Saturday, August 13, 2005: One rule for Peloton One: Don't pass the president

Yet, the President found ways to ignore the annoying distractions and to find things that would make this vacation memorable.

As he said when asked about his priorities: "I think it's important for me to be thoughtful and sensitive to those who have got something to say," he says. "But it's also important for me to go on with my life, to keep a balanced life.

"The people want the president to be in a position to make good, crisp decisions and to stay healthy. And part of my being is to be outside exercising. So I'm mindful of what goes on around me. On the other hand, I'm also mindful that I've got a life to live, and will do so."

Friday, August 19, 2005: Congratulations President Bush: You Broke the Record!!!

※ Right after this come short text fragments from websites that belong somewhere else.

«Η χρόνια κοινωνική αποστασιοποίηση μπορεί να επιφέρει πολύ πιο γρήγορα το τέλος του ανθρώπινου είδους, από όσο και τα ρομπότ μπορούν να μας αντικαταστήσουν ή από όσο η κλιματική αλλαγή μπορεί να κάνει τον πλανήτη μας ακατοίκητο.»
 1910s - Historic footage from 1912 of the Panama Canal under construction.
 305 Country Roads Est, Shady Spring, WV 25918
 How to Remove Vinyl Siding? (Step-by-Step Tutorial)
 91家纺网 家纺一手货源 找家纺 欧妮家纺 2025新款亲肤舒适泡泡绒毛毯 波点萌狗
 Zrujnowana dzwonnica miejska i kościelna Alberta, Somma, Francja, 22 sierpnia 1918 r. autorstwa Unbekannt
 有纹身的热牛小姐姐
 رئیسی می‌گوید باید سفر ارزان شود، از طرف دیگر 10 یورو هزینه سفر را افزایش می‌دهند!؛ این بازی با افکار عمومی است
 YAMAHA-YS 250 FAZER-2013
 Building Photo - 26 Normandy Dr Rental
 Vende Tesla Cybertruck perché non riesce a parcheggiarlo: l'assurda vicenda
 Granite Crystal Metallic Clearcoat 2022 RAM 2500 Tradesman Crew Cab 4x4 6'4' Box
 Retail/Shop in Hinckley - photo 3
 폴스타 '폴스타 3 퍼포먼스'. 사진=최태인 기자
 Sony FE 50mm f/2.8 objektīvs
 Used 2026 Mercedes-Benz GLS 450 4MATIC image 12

Bush officially sets the record for most days off for a sitting President, easily beating out previous record-holder, President Ronald Reagan, who totaled up 335 days spread over 8 years. And with another 3 years to go for Bush at that time, just think of the bar that he could set. It would take someone of much greater stamina than him to outdo his new record.

Wednesday, August 24, 2005: The work-life balance for 'nation's CEO'

Reports of Bush’s remarkable fitness are widespread in the American press as he finds time to renew his mind, body and spirit. Americans are told that Bush’s balance of work and vacation are healthy ideals for others to follow.

Supporters say Bush brings a refreshing degree of proportionality to the many demands on his time. At the White House, he is early to bed, early to rise, and he runs meetings with West Point punctuality - habits in sharp contrast to his often tardy and workaholic predecessor, Bill Clinton.

“The president brings the same sensibility to his ranch, renewing mind, body, and spirit with sweaty stints of brush clearing, mountain biking, and fishing - on top of speeches, fundraisers, intelligence briefings, and policy huddles with aides and officials.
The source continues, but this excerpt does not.